The first in Dead Cat Bounce's set of "mock n roll" songs displays the same talent for clever and quirky musical one-liners that made Flight of the Conchords so popular – it's just a shame they don't carry on that way.
'The Weeping of the Willows' pulls Kenneth Grahame's characters out of their Victorian rural idyll and drops them into a dystopian industrial future where Ratty is an oppressed factory worker, Mole is a prostitute and Mr Toad commits suicide a la Kurt Cobain. Played in thrash metal style, it makes for an inventive and brilliantly incongruous opener, but the rest of the set is mediocre in comparison.

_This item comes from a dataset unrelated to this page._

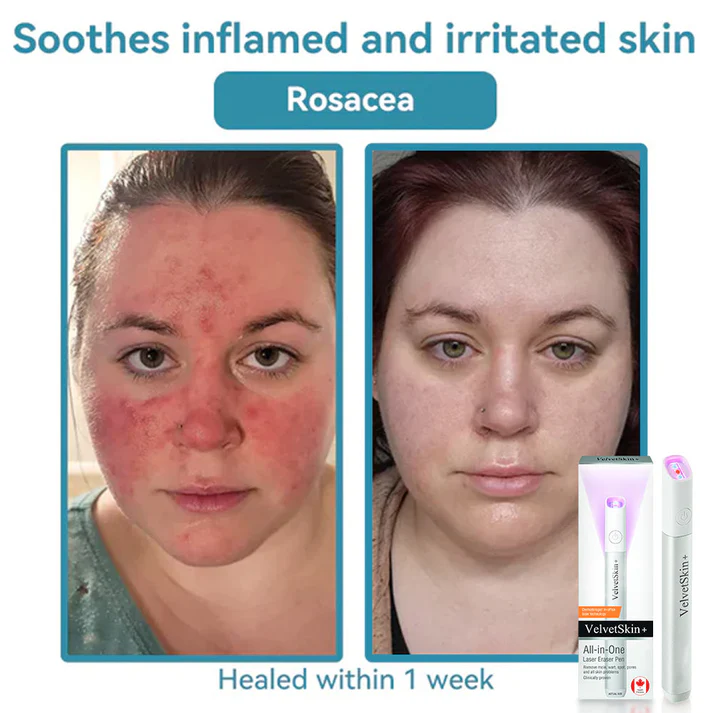 Thekoec® All-in-One CO₂ Laser Eraser Pen | Removes Moles, Warts, Skin Flaws & Pigmentation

Most of the rest of the songs, like 'Rugby'—which riffs on the sport's homoerotic undertones—and 'Firemen'—playing on hoes/hose—stretch one moderately funny joke over the course of three or four minutes. It's mildly amusing for the first few songs, but it gets increasingly tedious as the set stretches on. The humour is at times insular: you can see how it would have been funny to the four lads in the hothouse environment of the recording studio, but it doesn't seem to quite work when let out into the wider world.
A piss-take though it may have been, the last song, a plea for the audience to buy the band's CD, again gives the impression that the men from Dublin don't yet have the material to match their potential.